> **REQUIRED WORK**: The line with "Unisex Monsters Attack" marks where to begin; print it and all lines after it in the material below exactly, skipping pictures.

> **SOURCE DATA**:

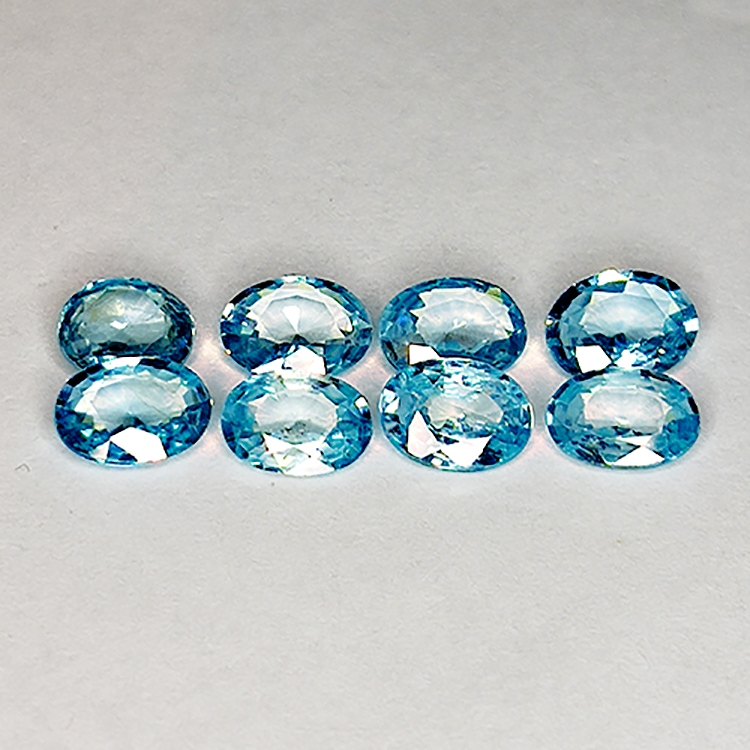 7,34ct Zircon Bleu coupe ovale 6x5mm 8pcs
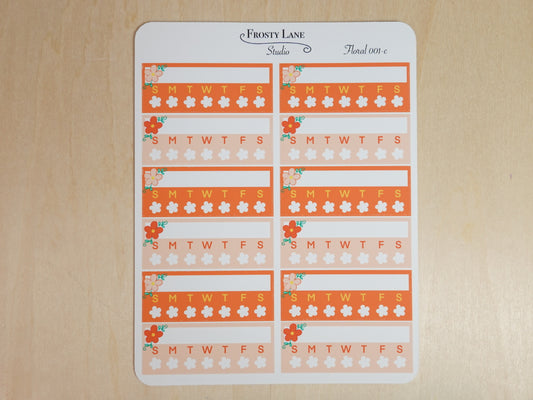 Floral 001 C. Orange Florals Habit Tracker Sticker Sheets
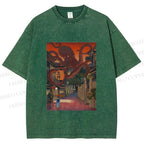Unisex Monsters Attack The Village Printed Washed Tee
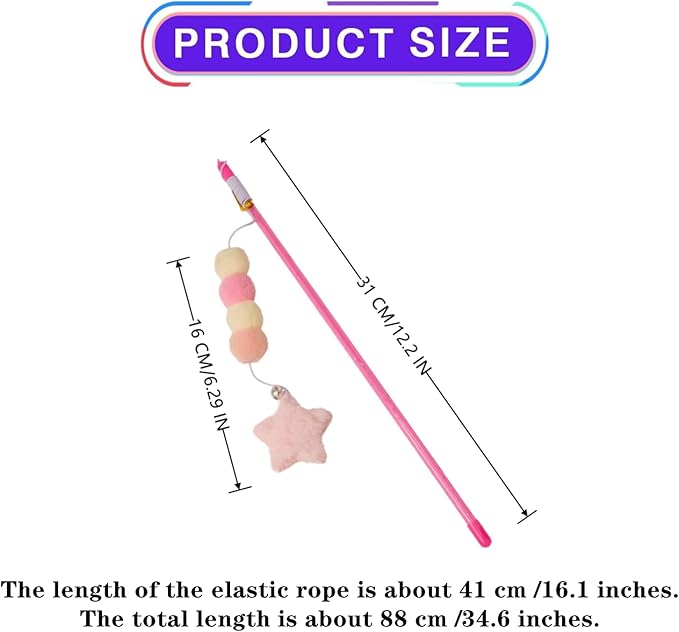 2 PCS Cat Wand Toy Interactive Cat String Toys Elastic Rope Plush Ball Star Pendant Cat Feather Toy Cat Stick Toy for Indoor Cat Mice and Animals Toys Pet Supplies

> **RESPONSE AREA**:
Unisex Monsters Attack The Village Printed Washed Tee
 2 PCS Cat Wand Toy Interactive Cat String Toys Elastic Rope Plush Ball Star Pendant Cat Feather Toy Cat Stick Toy for Indoor Cat Mice and Animals Toys Pet Supplies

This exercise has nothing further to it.